The more militant CGT and Sud Rail unions have said the possibility of prolonging the action into July and August was becoming increasingly likely. Another more reformist union, the CFDT, offered some hope to passengers by suggesting it was ‘looking for a way out’ of the crisis.
‘We will know this week (if the strikes will continue in July). We think certain rail unions will continue with the strikes,’ one Paris-based French rail worker told reporters on Tuesday. Air and rail strikes have been causing travel headaches in France for several months now.

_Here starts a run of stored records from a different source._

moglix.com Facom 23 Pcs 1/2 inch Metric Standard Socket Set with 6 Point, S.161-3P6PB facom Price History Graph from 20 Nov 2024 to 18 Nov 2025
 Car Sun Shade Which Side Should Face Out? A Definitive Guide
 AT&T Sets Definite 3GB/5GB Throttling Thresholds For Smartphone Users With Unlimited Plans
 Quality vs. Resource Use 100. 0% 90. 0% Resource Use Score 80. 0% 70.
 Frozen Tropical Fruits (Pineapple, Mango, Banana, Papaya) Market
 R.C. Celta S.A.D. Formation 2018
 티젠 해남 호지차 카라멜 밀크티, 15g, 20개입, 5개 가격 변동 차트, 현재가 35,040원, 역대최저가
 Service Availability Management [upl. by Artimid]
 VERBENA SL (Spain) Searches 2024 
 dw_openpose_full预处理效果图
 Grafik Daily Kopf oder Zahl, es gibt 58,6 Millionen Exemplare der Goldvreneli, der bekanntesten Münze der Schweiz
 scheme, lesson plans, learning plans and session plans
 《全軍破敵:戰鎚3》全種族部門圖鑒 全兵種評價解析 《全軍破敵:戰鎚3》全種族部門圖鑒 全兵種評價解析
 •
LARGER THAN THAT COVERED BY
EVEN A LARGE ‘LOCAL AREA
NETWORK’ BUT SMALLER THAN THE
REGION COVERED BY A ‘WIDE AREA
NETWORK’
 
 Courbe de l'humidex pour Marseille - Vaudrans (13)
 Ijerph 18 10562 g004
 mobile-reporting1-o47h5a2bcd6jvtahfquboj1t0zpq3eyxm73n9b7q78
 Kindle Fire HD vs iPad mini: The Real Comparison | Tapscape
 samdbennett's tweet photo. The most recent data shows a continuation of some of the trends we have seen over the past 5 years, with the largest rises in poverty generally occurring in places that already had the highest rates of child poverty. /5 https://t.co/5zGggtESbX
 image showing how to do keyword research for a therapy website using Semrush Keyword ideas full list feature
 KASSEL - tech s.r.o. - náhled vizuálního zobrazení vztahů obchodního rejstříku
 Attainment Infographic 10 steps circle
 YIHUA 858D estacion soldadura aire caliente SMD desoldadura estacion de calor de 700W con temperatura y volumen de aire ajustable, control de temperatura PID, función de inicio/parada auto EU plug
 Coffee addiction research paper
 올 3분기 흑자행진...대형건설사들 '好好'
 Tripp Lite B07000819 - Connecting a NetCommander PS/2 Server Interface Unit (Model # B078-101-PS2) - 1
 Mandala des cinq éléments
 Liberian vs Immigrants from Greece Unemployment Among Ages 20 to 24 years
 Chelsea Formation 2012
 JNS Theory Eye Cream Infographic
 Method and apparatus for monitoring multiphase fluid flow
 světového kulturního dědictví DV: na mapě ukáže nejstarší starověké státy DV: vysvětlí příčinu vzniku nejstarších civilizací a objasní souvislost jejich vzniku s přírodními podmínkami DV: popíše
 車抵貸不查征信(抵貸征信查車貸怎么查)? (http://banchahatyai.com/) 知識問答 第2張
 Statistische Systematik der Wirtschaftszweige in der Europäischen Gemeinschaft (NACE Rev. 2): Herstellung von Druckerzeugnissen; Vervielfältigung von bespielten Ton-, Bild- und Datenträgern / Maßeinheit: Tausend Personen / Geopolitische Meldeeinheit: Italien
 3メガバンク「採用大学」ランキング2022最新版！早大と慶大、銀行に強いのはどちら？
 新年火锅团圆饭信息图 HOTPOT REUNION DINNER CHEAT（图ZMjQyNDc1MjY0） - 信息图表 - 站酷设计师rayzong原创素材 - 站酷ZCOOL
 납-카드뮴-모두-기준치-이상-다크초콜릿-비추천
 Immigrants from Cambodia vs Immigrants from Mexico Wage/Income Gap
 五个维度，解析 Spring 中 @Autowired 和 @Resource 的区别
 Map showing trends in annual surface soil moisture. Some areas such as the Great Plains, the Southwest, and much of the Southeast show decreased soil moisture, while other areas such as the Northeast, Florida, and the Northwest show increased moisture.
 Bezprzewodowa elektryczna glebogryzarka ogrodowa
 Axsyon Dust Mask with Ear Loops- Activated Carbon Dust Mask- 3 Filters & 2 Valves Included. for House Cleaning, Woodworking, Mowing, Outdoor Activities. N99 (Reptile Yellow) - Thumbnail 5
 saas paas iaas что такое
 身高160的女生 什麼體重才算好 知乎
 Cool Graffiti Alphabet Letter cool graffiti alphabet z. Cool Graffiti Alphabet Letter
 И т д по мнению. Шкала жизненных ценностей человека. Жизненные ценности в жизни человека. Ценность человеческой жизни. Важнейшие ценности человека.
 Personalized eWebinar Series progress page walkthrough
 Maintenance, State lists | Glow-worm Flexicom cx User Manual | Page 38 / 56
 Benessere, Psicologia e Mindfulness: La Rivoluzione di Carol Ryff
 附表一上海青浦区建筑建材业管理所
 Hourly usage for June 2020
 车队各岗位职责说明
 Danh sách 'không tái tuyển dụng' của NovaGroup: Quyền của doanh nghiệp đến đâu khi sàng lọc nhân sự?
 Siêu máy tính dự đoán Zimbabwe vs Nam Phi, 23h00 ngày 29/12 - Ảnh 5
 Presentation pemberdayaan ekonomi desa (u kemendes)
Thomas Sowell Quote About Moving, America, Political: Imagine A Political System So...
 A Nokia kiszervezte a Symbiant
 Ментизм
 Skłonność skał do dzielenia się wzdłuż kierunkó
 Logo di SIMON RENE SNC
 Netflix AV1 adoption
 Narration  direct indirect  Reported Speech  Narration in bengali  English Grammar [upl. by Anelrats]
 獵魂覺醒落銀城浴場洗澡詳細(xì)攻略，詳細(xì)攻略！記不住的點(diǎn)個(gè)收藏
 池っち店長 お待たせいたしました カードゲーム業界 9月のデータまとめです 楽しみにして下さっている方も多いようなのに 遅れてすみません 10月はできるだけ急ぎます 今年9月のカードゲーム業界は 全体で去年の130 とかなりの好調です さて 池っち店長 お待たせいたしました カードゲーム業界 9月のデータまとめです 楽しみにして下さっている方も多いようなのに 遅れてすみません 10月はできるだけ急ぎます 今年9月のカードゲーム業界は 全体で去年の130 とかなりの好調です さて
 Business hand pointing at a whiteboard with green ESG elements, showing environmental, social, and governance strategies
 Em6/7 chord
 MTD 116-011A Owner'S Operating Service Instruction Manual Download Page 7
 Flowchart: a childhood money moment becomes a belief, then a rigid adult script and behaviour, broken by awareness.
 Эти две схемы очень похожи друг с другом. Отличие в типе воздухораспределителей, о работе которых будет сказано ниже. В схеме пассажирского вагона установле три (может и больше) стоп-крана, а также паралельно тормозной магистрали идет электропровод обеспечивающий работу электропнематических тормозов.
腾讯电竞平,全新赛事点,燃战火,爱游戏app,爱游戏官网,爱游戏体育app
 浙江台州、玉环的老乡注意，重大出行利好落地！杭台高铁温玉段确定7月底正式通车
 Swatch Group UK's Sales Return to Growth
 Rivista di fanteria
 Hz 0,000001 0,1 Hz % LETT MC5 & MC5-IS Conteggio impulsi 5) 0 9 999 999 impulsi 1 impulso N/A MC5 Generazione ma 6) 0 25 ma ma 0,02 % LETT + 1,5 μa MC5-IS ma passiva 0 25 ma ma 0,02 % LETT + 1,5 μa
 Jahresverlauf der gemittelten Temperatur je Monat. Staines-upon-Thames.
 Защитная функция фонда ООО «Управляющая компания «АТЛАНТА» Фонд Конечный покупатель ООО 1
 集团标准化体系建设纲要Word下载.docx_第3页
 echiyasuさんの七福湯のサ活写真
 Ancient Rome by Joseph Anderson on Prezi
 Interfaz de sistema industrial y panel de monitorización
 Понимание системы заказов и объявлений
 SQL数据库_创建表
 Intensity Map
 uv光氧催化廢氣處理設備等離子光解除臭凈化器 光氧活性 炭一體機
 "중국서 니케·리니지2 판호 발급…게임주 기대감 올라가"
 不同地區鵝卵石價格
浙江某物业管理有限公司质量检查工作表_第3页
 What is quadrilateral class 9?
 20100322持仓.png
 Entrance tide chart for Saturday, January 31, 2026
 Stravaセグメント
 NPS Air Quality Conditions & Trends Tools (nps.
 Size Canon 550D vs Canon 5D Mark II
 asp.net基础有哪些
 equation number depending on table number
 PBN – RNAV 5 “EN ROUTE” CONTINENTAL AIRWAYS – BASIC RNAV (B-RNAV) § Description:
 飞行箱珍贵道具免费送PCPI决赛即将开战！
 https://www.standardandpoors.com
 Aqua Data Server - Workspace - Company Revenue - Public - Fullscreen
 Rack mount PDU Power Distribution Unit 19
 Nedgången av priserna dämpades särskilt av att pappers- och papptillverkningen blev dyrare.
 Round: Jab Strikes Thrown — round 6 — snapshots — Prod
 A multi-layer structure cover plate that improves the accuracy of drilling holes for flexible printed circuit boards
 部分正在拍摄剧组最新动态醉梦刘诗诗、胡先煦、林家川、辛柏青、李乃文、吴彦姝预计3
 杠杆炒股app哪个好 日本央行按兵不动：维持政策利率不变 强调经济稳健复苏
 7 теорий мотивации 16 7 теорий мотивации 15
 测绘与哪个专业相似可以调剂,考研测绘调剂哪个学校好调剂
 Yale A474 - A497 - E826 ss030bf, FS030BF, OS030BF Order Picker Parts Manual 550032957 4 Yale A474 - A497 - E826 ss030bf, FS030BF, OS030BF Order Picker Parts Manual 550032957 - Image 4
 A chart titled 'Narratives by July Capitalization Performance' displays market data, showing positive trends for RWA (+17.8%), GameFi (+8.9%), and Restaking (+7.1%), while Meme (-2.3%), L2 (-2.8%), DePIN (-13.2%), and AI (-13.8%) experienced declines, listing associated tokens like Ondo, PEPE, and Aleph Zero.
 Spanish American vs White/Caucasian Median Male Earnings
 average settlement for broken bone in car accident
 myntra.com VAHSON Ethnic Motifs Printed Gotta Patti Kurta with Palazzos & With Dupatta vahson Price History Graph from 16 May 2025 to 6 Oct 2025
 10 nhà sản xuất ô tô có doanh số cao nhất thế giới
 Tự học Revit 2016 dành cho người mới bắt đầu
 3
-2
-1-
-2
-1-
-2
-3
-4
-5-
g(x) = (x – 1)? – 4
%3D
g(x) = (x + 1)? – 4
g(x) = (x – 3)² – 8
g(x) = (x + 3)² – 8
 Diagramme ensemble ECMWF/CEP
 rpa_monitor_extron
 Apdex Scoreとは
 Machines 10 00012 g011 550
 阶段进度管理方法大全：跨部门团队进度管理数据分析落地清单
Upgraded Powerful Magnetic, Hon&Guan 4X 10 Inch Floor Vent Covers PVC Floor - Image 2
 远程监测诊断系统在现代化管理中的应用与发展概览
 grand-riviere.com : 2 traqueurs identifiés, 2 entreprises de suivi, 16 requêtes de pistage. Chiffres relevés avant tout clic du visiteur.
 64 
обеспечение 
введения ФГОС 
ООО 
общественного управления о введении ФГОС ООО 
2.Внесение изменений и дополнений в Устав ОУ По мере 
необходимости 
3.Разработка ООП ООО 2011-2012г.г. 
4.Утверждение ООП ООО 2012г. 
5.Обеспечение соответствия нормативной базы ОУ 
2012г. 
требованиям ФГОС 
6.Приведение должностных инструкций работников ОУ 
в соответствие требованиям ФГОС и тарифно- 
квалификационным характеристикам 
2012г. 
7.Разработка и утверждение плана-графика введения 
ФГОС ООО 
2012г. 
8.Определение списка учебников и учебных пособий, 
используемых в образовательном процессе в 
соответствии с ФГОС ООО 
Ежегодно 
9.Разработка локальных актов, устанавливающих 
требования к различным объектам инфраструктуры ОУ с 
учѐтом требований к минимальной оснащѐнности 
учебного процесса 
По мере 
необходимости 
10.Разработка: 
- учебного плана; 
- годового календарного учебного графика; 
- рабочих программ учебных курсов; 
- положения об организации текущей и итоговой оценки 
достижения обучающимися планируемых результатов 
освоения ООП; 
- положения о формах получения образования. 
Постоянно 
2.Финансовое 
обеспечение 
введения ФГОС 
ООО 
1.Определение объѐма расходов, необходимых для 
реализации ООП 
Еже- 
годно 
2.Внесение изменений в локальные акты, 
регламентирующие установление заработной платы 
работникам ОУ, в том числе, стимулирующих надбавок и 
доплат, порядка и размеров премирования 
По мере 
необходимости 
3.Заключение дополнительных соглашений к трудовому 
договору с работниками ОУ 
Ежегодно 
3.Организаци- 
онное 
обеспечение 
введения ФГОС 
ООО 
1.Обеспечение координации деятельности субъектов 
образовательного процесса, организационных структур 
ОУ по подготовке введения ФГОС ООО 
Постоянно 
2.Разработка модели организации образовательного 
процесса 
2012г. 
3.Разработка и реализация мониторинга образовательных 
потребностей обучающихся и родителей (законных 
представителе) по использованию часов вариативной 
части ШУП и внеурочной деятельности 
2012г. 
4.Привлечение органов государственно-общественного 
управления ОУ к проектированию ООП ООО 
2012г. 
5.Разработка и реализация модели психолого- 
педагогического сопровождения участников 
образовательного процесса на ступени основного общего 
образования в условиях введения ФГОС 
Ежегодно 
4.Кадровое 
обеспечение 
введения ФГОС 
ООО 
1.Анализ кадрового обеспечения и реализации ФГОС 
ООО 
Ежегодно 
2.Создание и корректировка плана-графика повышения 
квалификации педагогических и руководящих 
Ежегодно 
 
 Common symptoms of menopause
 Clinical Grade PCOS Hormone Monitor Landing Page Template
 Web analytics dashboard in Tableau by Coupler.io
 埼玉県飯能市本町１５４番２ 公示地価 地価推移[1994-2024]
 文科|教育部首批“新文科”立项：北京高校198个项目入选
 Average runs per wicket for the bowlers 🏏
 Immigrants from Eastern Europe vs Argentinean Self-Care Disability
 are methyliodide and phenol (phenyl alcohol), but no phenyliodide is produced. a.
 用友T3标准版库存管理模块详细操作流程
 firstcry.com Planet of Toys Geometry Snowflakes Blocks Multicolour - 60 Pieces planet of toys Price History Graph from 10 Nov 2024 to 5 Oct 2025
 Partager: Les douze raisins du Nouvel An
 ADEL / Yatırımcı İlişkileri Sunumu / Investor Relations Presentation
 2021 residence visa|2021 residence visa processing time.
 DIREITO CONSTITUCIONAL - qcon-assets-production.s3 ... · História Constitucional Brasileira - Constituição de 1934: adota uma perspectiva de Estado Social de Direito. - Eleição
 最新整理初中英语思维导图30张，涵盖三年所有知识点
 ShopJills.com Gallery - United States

In a meeting with Air France chiefs on Monday, union heads threatened the company with a ‘turbulent summer’ after already having mounted a series of strikes throughout the spring that has cost the company hundreds of millions of euros. The threat comes just as the company brought in an interim president Anne-Marie Couderc, who will fill the role until September when the role will be filled permanently.
And unions haven’t wasted any time in saying they are united in their determination to continue the strike action in order to secure the 5.1 per cent wage increase they’re after. ‘There is unanimity among the unions to continue the strike,’ Karim Taïbi from the Force Ouvriere (FO) union told the French press on Monday.
Unions have criticised the new leadership at Air France for not responding to the fact that the pay deal was rejected by employees at the airline. ‘The current management is losing the little credit it has left by refusing to draw conclusions from the vote,’ said Christophe Malloggi, another FO union representative.
He said: ‘The board of directors is shirking its responsibilities. They will have to accept the turbulent summer ahead.’ Air France boss Couderc was due to meet the unions on Friday, according to some reports, but the interim chief may not have a mandate to negotiate on the salary dispute. And if things don’t go to plan, new strike dates could be announced.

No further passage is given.